**What is being asked:** Copy each entry below unchanged; the images do not go in the copy.

**Input material:**
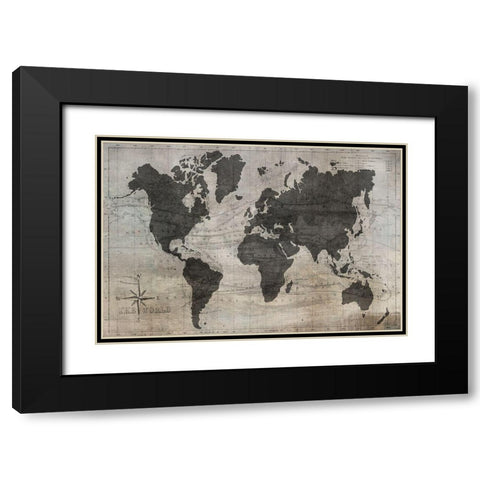 World Map Black Modern Wood Framed Art Print with Double Matting by Jill, Susan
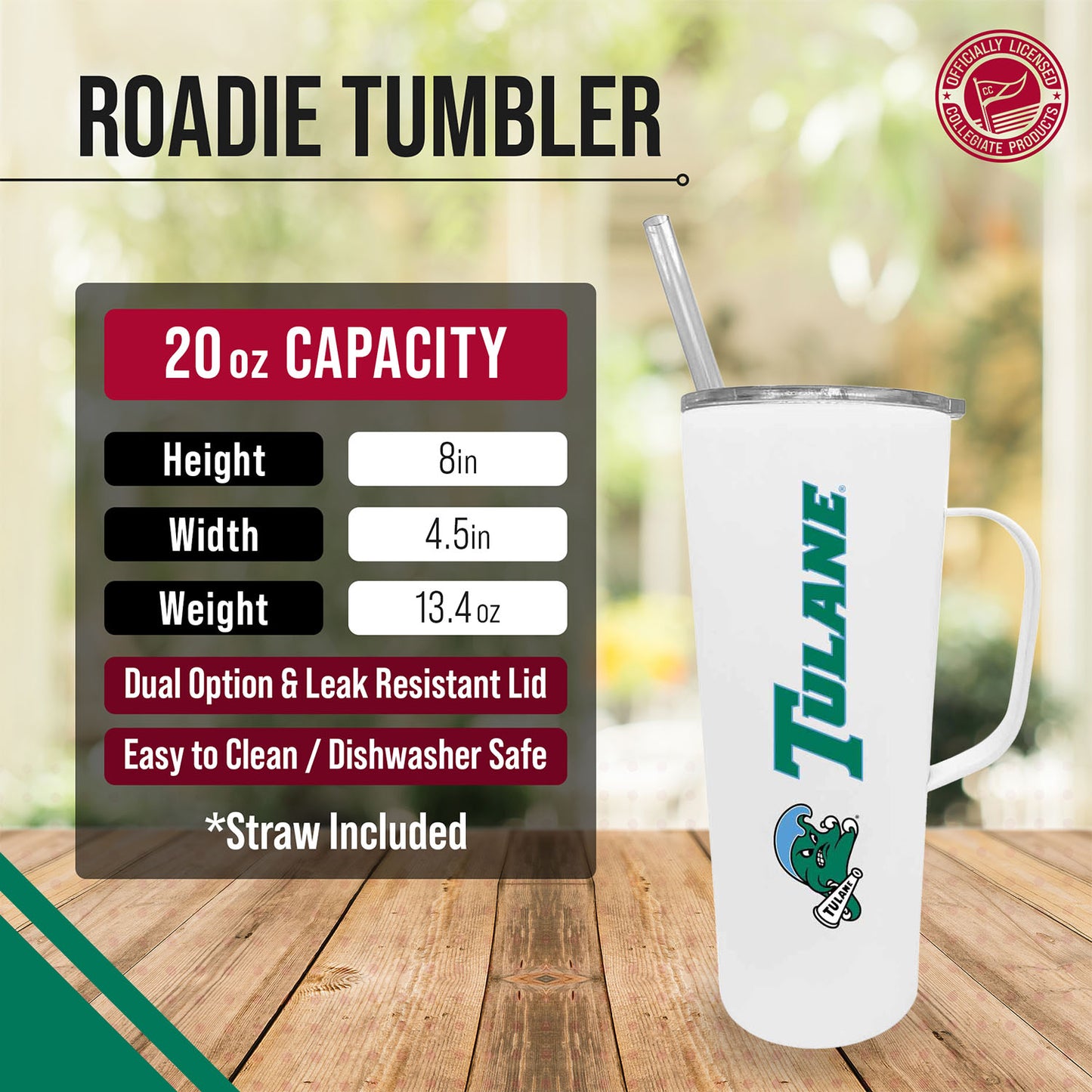 Tulane Green Wave NCAA Stainless Steel 20oz Roadie With Handle & Dual Option Lid With Straw - White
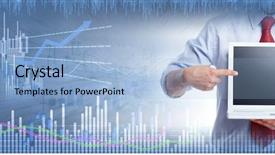  Presentation with computer - Amazing slides having stock volatility - investor with laptop computer backdrop and a light blue colored foreground
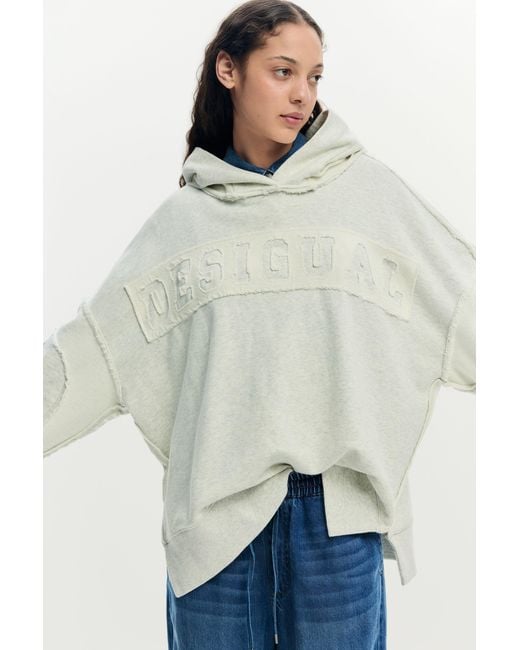 Desigual White Oversize Sweatshirt With Hood, Cotton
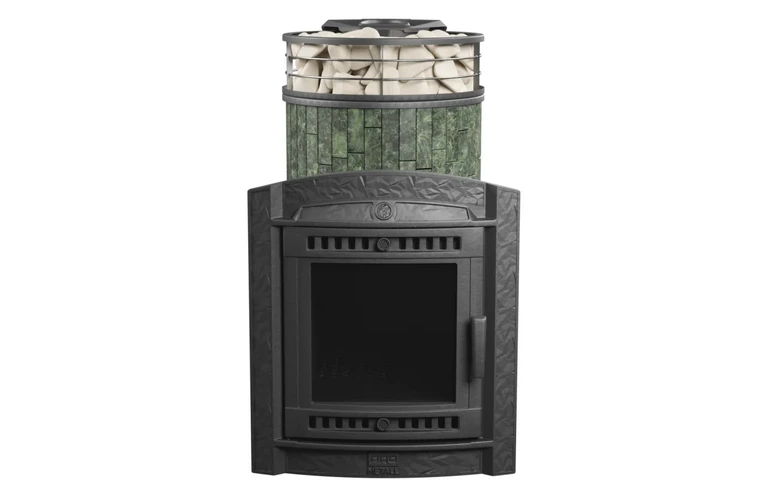 Печь банная "Атмосфера L" в ламелях "Змеевик" с тоннелем NEW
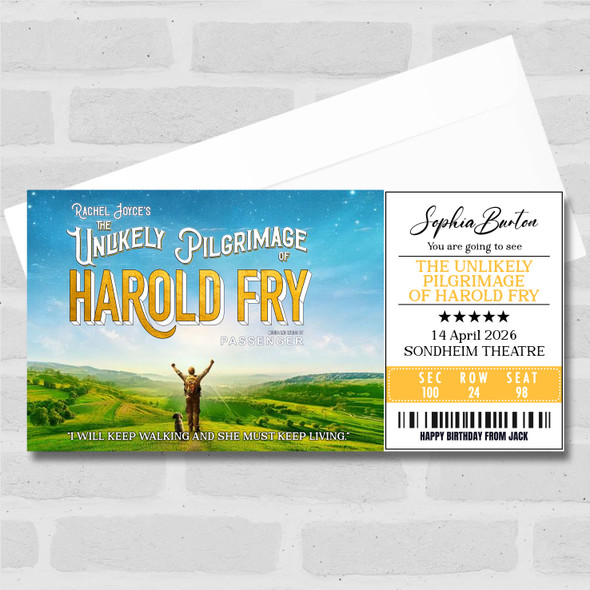 Unlikely Pilgrimage Of Harold Fry Personalised Voucher Theatre Surprise Ticket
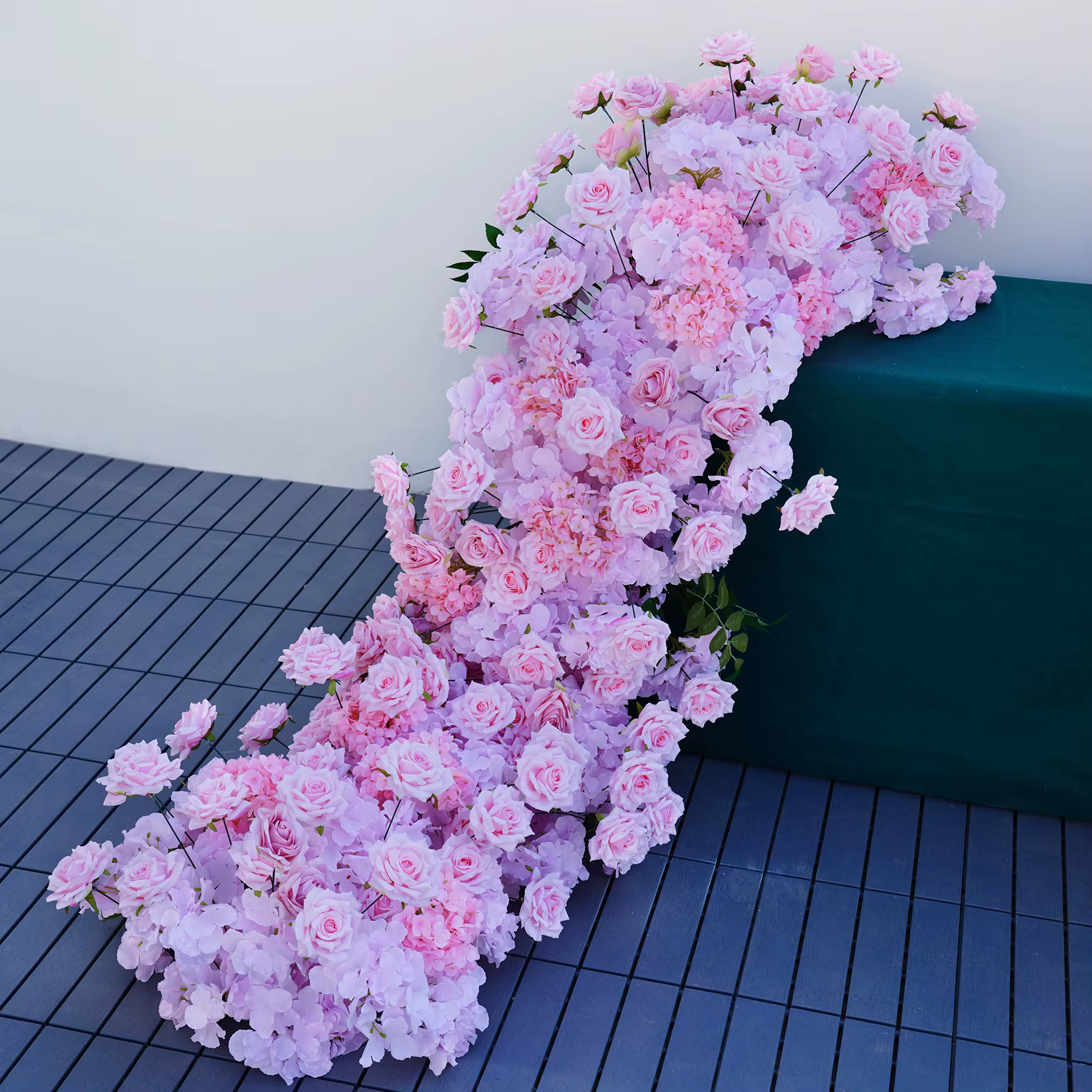 Chemin de Table hortensia Rose blanche H8147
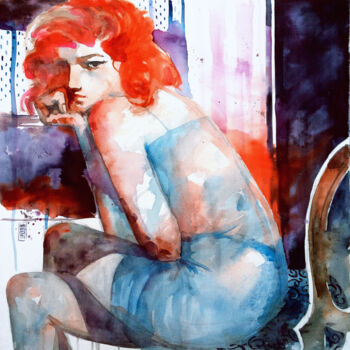 Peinture intitulée "Ragazza seduta alla…" par Alessandro Andreuccetti, Œuvre d'art originale, Aquarelle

**Written solution:**
 World Map Black Modern Wood Framed Art Print with Double Matting by Jill, Susan
 Tulane Green Wave NCAA Stainless Steel 20oz Roadie With Handle & Dual Option Lid With Straw - White
  Presentation with computer - Amazing slides having stock volatility - investor with laptop computer backdrop and a light blue colored foreground
 Desigual White Oversize Sweatshirt With Hood, Cotton
 Печь банная "Атмосфера L" в ламелях "Змеевик" с тоннелем NEW
 Unlikely Pilgrimage Of Harold Fry Personalised Voucher Theatre Surprise Ticket
 Chemin de Table hortensia Rose blanche H8147
 Peinture intitulée "Ragazza seduta alla…" par Alessandro Andreuccetti, Œuvre d'art originale, Aquarelle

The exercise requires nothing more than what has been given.